Some developers work around this problem by using the traditional Read Me First file or by making the background image of the disk image instructions detailing dragging the application into the Applications folder (sometimes complete with a symbolic link to it to drag to). That’s still putting a lot of trust in the user though.
noodlesoft has a different idea. He suggests that applications should attempt to determine if they are being launched from a disk image (he suggests a read-only mountable partition is a good tell). If they detect it to be so, prompt the user to install. At this point the application can copy itself to the Applications directory, then restart itself off the hard drive (conceivably it could also unmount the disk image). No fuss, no muss. It sounds like a brilliant idea to me that will not only prevent the problem but slowly through repeated “Should I install myself?” dialogs, educate the user about what he should be doing to begin with.
[via David Paul Robinson]
Brilliant. Would keep me from having to constantly remove .DMG files from my Dad's Cube.

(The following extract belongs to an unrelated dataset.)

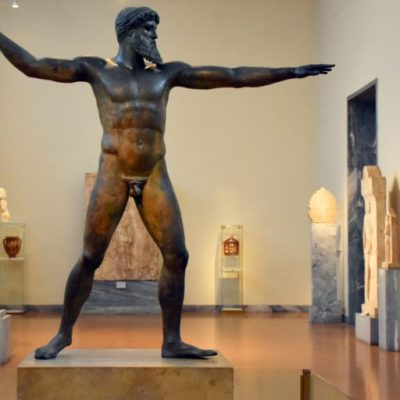 National Archaeological Museum of Athens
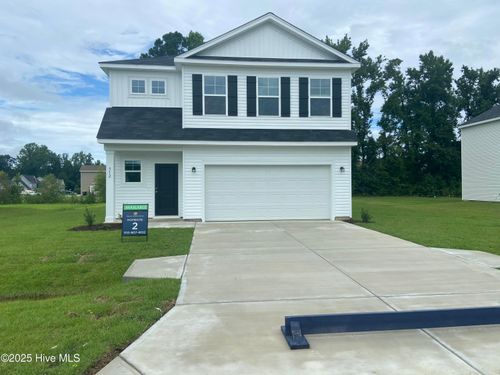 2-512 Sandy Hollow Dr, Jacksonville, NC, 28540-6400 | Card Image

I don't understand how people can use computers without figuring out stuff like this. It's really much simpler than the windows paradigm. Drag and drop. But yes, I have an uncle who would have like ten dmg's at a time mounted so he could run the programs in them. I guess the solution is to alienate people even further from the technology they depend on.
Only downside I see is the ability to somewhat limit the range of a program you are testing to determine whether or not to install, but of course that is not foolproof since programs running from an image often go about happily playing about in the library.

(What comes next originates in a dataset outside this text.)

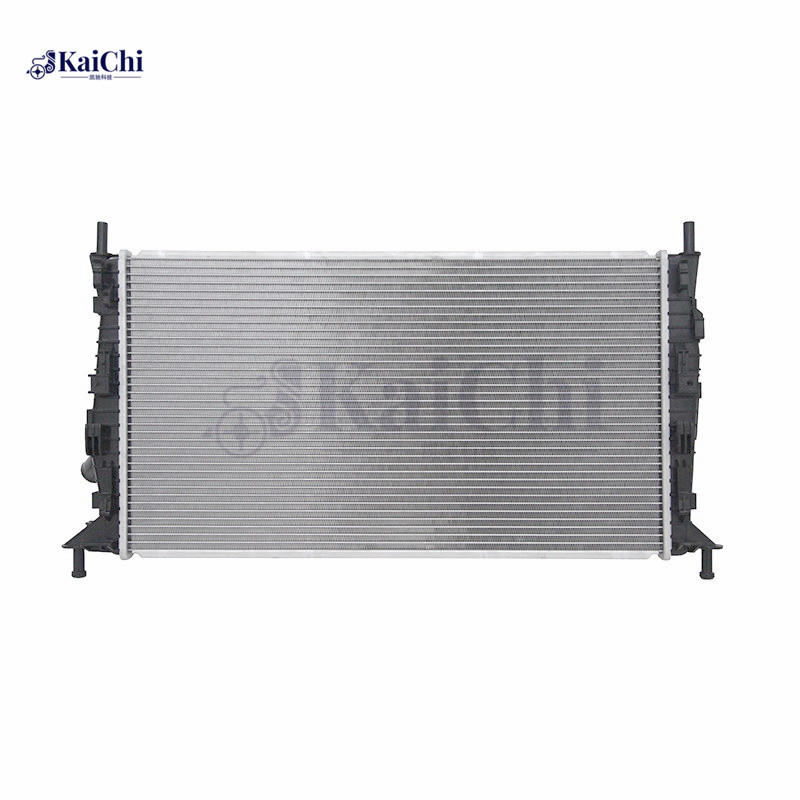 2696 Engine Cooling Radiator Mazda 3 2.0L/2.3L 2004-2009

I'm mostly fine with this concept so long as it still requires an administrator's password to install into Applications.
The potential downside is feature creep in the installation process, such as the option to install elsewhere. While handy, it starts to feel like a Windows installation wizard; drag and drop is much more elegant.
hmmm wouldn't that make it possible to malicious software to install themselves into our hard drives?

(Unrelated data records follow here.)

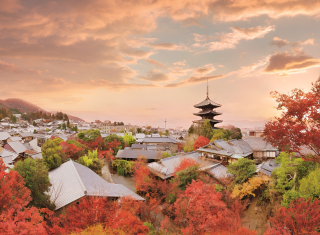 ザ  ソウドウ東山京都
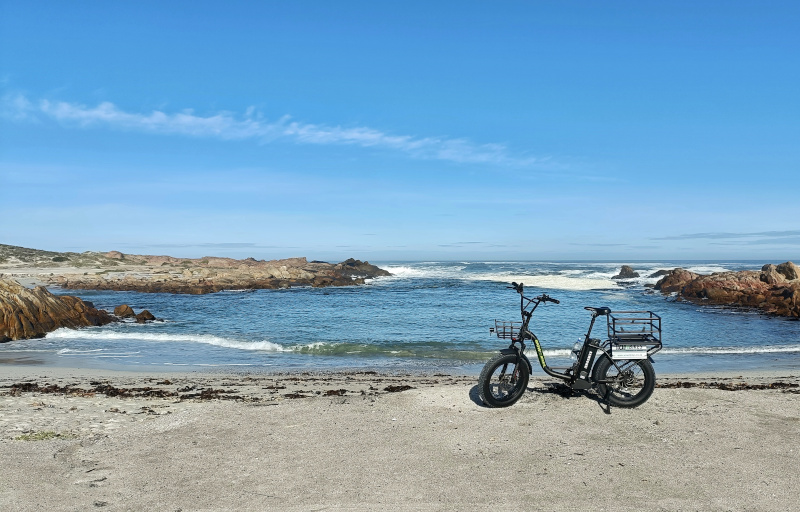 Wow eBikes Paternoster
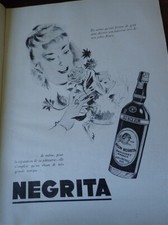Negrita rasoir calor d'occasion  Saint-Nazaire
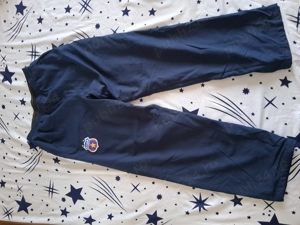 Vand trening nike copii Steaua bucuresti - imagine 3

it took me a while, but i figure what the .dmg files were and how to prevent them from opening the ejectable thingy from my founder lol so i think most users will too?
The downside I see is environments that serve applications by sharing directories read-only. If I have a lab of computers (or simply a household with 2 or more machines), it is easier to keep one installation up to date than one per machine. Can Airport Disks be shared in such a manner (read-only)?
Seems to me that you don't need the disk image. Can't you just compress the application? I guess that gets you a lot of zip files instead of disk images, but you have the application on your system instead of inside a dmg. If a user ends up with a download directory (or desktop) full of applications, s/he can simply move them to the Applications directory. I think Windows has seriously damaged expectations if users think they can't simply drag an application to the Applications directory.
This is, of course, why the default setting on Safari is to automatically open disk images and install the application. Clearly we need a better system than that.
after years of using a PC, i absolutly love how simple it is to just drag the app into the app folder.
I agree DanH, I don't see how people can use computers and not understand this stuff.
Everyonce in awhile I think about getting my mom a mac, but I soon realize that she would never actually quit a program and would have tons of DMGs on her desktop.
Even if the DMG did automatically install, the user would still be left with the original compressed file. This would mean that a computer illiterate person would still open the compressed file each time, thinking that it was the real application, thus creating another problem.